§ What this task involves:
The required answer is an exact copy of every line from the beginning of the entries through the line with "Cream silk unstitched", with all pictures omitted.

§ Information supplied:
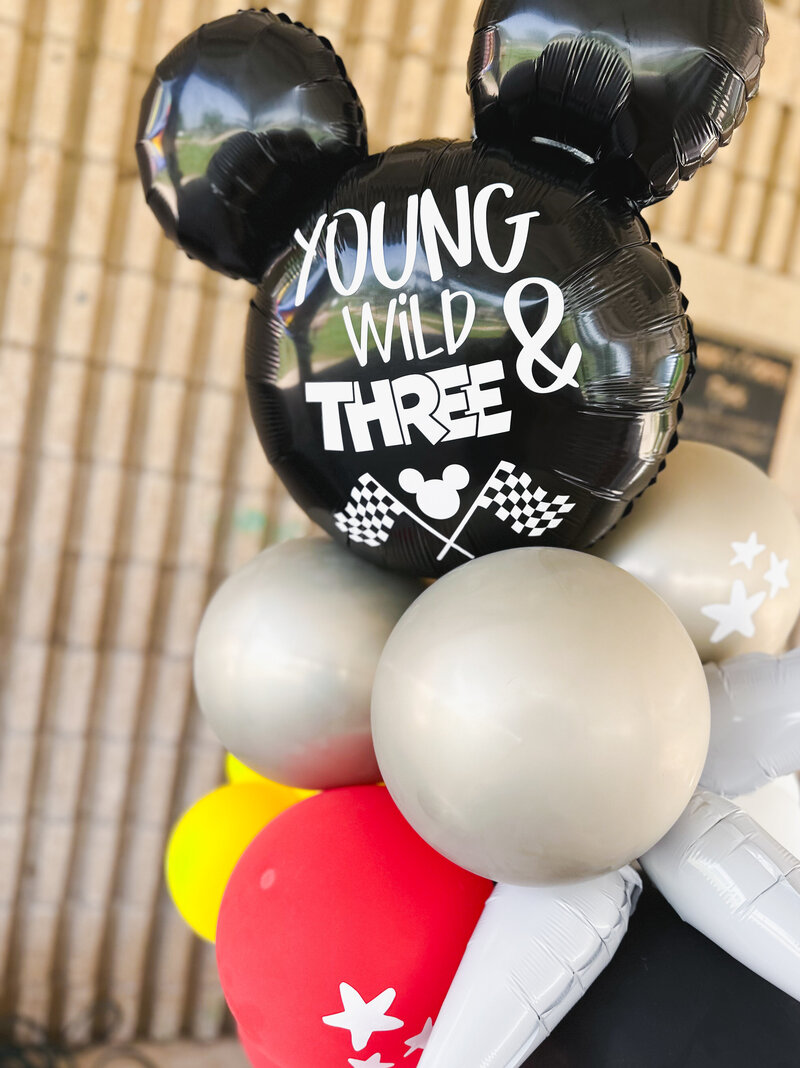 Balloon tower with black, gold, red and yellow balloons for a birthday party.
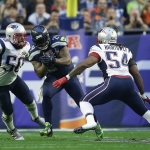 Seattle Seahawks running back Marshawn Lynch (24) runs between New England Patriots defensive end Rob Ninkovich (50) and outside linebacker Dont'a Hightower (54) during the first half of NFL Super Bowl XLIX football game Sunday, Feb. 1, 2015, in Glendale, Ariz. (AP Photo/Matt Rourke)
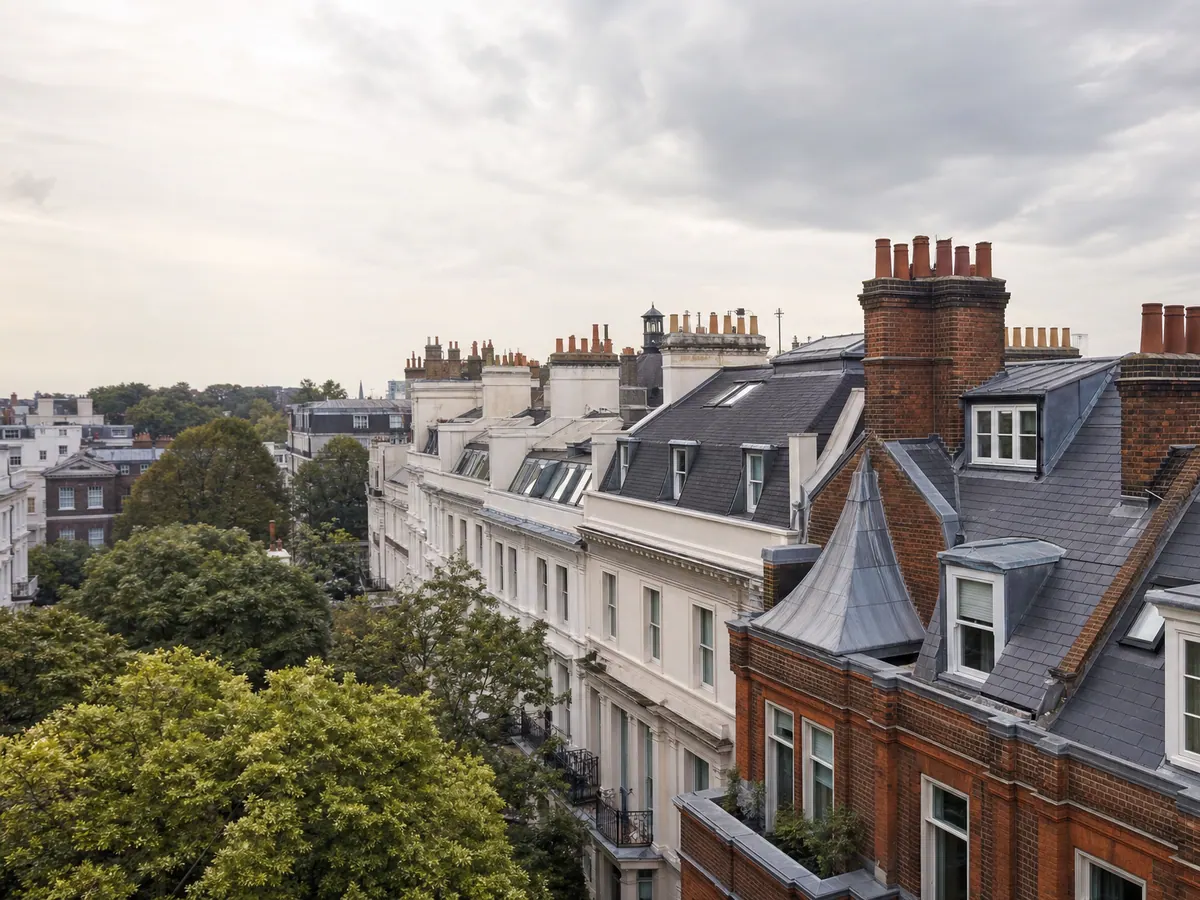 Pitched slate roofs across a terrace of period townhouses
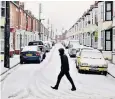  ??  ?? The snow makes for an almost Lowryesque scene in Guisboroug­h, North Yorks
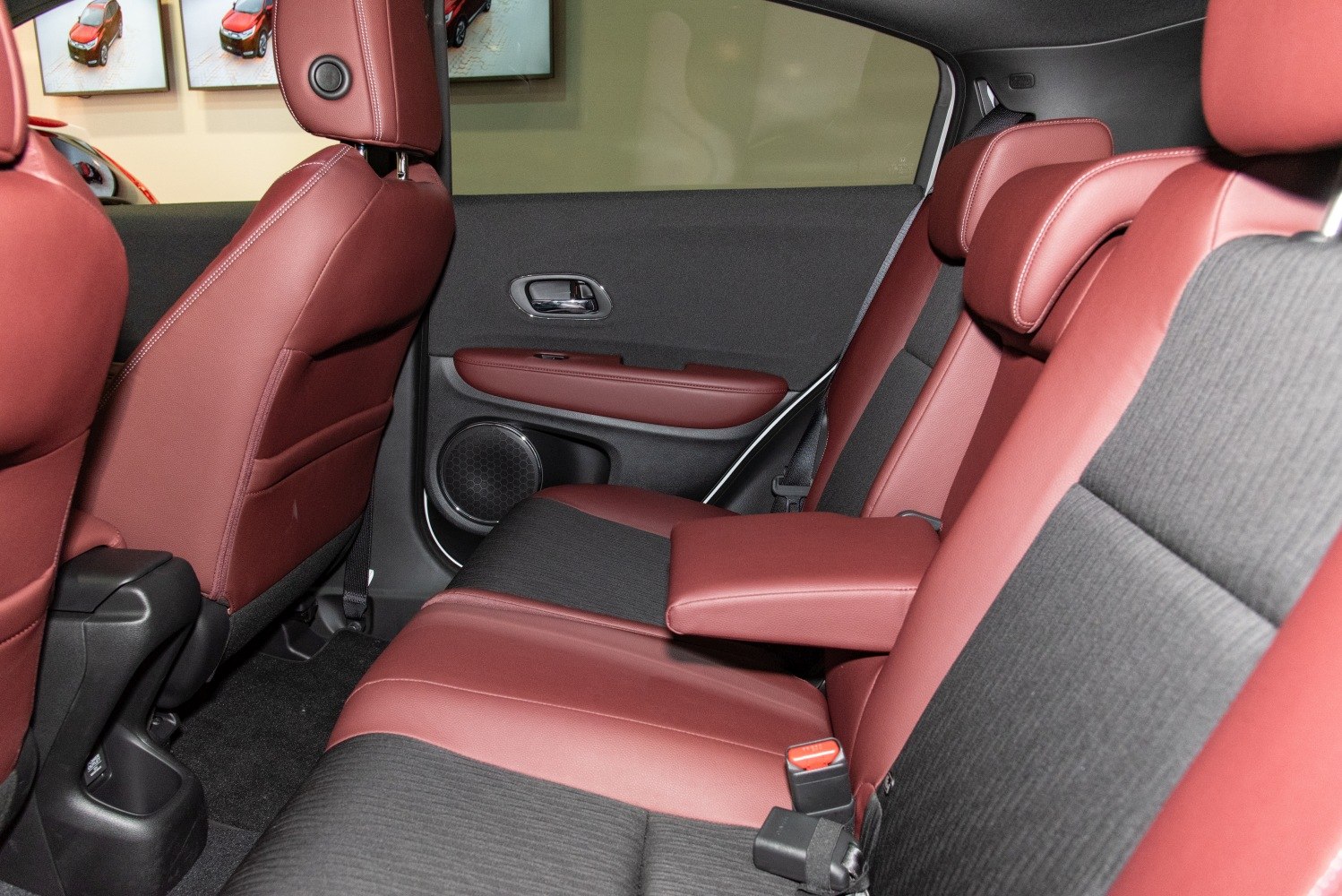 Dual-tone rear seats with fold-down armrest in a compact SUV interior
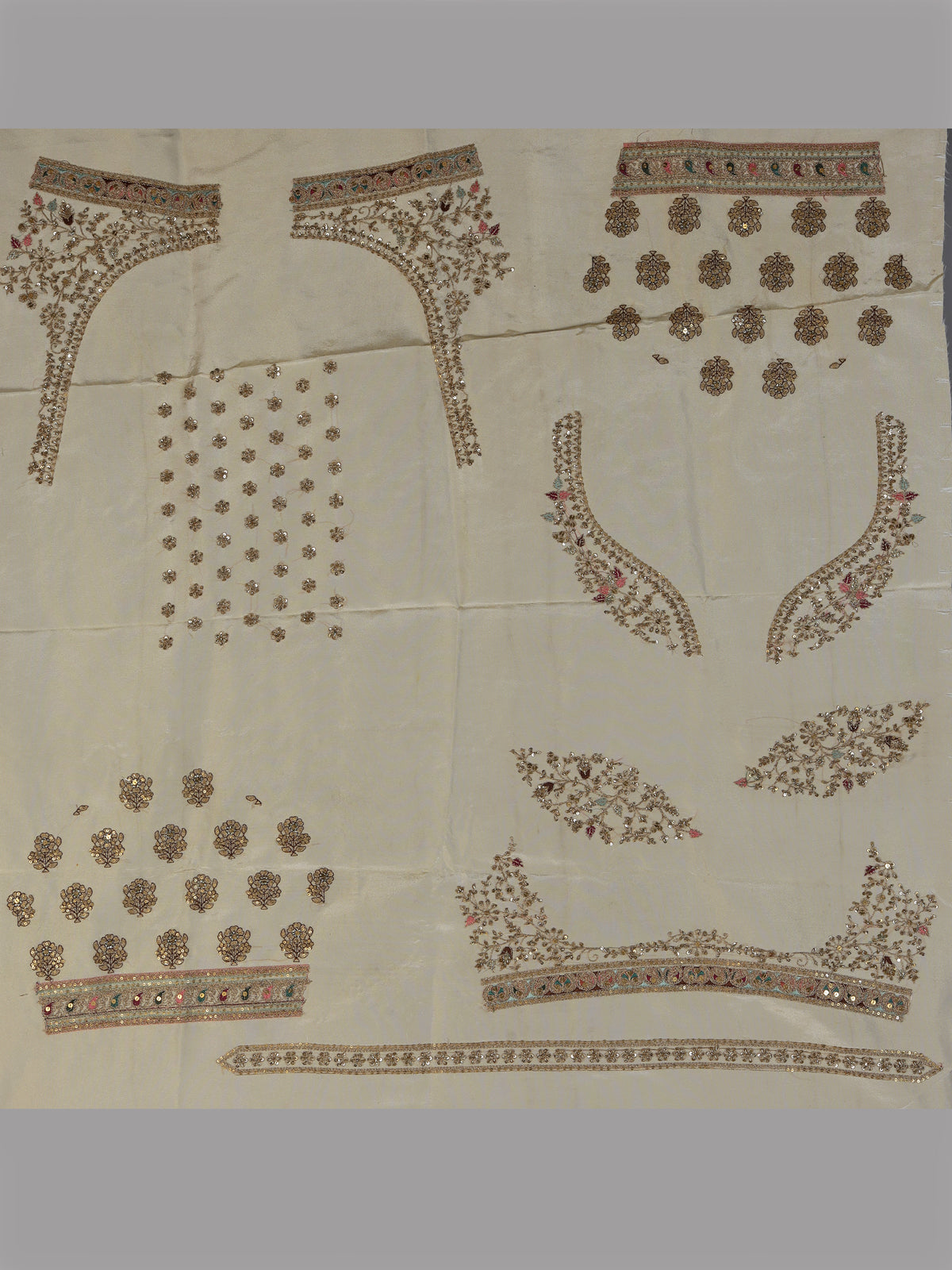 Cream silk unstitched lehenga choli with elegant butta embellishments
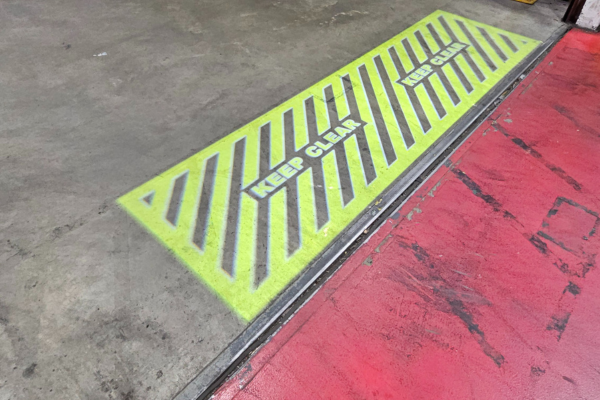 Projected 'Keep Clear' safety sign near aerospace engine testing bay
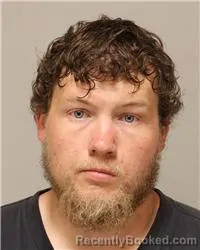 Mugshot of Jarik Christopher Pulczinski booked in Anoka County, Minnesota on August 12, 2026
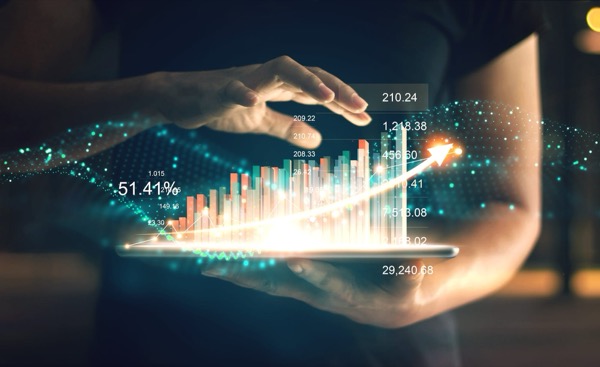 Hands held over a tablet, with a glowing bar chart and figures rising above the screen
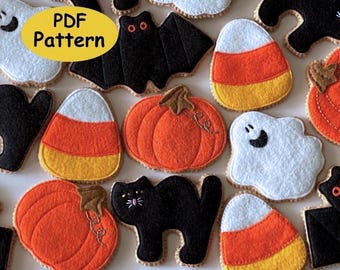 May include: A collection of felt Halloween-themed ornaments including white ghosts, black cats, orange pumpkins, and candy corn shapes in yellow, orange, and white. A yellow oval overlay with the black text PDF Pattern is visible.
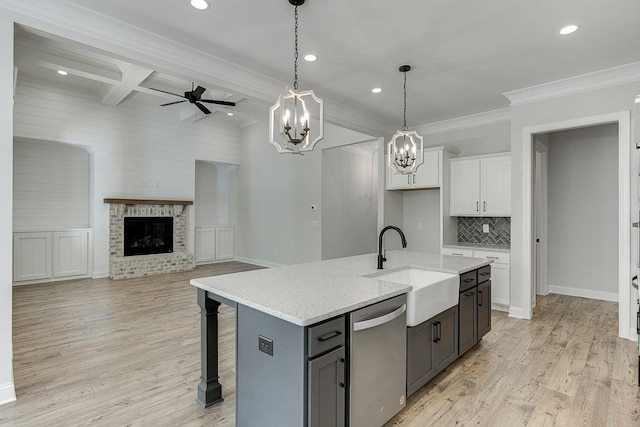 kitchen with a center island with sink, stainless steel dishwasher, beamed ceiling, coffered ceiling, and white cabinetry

§ Exercise output:
 Balloon tower with black, gold, red and yellow balloons for a birthday party.
 Seattle Seahawks running back Marshawn Lynch (24) runs between New England Patriots defensive end Rob Ninkovich (50) and outside linebacker Dont'a Hightower (54) during the first half of NFL Super Bowl XLIX football game Sunday, Feb. 1, 2015, in Glendale, Ariz. (AP Photo/Matt Rourke)
 Pitched slate roofs across a terrace of period townhouses
  ??  ?? The snow makes for an almost Lowryesque scene in Guisboroug­h, North Yorks
 Dual-tone rear seats with fold-down armrest in a compact SUV interior
 Cream silk unstitched lehenga choli with elegant butta embellishments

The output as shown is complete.